Sixth, it doesn’t take much imagination to visualize how the world might look if selected non-Europeans had been bequeathed the foregoing advantages.  Genghis Kahn might have gone on from conquering much of China and Asia Minor to crossing the Atlantic to conquer another continent and name it Mongolia instead of America, the Comanche might have conquered the same continent and butchered and enslaved other tribes, Shiites might have had the wherewithal to obliterate Sunnis in the Middle East and Arabia, natives of the Congo might have enslaved Belgians instead of vice versa, all of Europe might have been conquered by Arabs and enslaved, and such African tribes as the Hutus, Tutsis, Boko Haram, Bantu, Zulus, and Xhosas might have finally exhausted themselves from killing each other, as the Europeans have, and formed an African union of liberal democracies with a common market and currency.

Conclusion

It seems that the more Americans with college degrees, the more that Americans see themselves as victims, the more they uphold the taboo of comparisons, and the more fragile they are.  At the same time, the demonization of other people hasn’t declined but has shifted from former groups to new groups, thus continuing the cycle of recrimination and social discord.

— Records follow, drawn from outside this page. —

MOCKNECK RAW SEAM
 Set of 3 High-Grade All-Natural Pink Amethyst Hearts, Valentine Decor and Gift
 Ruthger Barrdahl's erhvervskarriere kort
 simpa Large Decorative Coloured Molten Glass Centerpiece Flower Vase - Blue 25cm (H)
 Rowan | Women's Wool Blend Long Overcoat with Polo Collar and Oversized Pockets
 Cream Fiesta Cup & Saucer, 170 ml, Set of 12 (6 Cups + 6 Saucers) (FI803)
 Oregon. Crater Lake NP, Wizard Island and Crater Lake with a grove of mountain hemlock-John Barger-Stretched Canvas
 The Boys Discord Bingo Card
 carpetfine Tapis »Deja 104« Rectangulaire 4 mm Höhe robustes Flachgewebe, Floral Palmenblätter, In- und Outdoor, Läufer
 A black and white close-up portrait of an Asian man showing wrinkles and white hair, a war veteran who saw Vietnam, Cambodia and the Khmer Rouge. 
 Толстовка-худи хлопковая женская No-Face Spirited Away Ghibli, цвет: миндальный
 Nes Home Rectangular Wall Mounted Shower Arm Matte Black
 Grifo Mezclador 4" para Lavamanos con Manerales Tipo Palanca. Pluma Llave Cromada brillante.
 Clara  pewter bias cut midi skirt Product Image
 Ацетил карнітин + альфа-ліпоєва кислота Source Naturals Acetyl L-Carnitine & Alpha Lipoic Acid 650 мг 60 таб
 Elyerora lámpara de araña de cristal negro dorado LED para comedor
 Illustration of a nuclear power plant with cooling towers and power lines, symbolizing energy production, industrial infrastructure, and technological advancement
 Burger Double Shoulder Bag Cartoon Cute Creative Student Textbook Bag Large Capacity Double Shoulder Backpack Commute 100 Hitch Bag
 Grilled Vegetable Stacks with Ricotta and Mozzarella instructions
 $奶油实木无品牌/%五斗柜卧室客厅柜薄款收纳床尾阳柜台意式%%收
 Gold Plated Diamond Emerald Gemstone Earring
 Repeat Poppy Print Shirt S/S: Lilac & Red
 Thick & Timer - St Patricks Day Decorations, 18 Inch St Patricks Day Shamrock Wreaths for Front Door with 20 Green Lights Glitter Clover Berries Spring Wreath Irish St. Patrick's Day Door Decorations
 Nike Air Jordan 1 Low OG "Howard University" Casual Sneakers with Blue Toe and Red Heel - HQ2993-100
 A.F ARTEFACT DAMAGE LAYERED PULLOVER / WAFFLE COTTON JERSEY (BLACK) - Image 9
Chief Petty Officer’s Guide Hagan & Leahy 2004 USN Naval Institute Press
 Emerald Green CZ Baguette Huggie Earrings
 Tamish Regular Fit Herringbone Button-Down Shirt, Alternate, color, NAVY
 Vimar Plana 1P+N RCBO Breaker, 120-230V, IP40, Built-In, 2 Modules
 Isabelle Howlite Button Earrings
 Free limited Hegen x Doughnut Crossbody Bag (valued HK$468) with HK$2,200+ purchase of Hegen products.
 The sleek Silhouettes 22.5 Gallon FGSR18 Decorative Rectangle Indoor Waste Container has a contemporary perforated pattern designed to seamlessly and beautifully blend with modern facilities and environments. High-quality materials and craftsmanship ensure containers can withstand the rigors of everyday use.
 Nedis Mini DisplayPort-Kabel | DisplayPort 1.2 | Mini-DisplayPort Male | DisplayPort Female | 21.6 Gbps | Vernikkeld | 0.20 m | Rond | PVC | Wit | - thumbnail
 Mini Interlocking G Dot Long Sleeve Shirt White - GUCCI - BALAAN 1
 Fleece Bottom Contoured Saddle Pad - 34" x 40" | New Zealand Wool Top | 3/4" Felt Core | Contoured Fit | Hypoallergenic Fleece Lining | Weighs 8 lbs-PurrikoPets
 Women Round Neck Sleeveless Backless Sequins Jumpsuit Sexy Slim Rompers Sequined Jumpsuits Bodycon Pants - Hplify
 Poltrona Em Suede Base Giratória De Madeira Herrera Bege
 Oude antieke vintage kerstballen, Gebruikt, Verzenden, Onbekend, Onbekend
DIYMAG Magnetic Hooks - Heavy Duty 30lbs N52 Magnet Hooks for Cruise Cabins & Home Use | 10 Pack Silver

It’s particularly worrisome that such thinking pervades college campuses, given that today’s students are tomorrow’s leaders.  As Bloodlands points out, the most eager enforcers of Soviet laws prohibiting the private ownership of food production were young graduates of Soviet schools and youth camps, where students were taught to demonize Ukrainian kulaks as evil capitalists.  The result was the starvation of millions of peasants in the name of the greater good.  The book describes the horrors of mass starvation, including the ghastly scenes of parents eating their dead children, and children eating their dead parents.

This isn’t to suggest that Americans will soon be eating their children or sending disfavored groups to the Gulag or death camps.  But it is to suggest that little good can come out of today’s identity politics, victimhood, and demonization.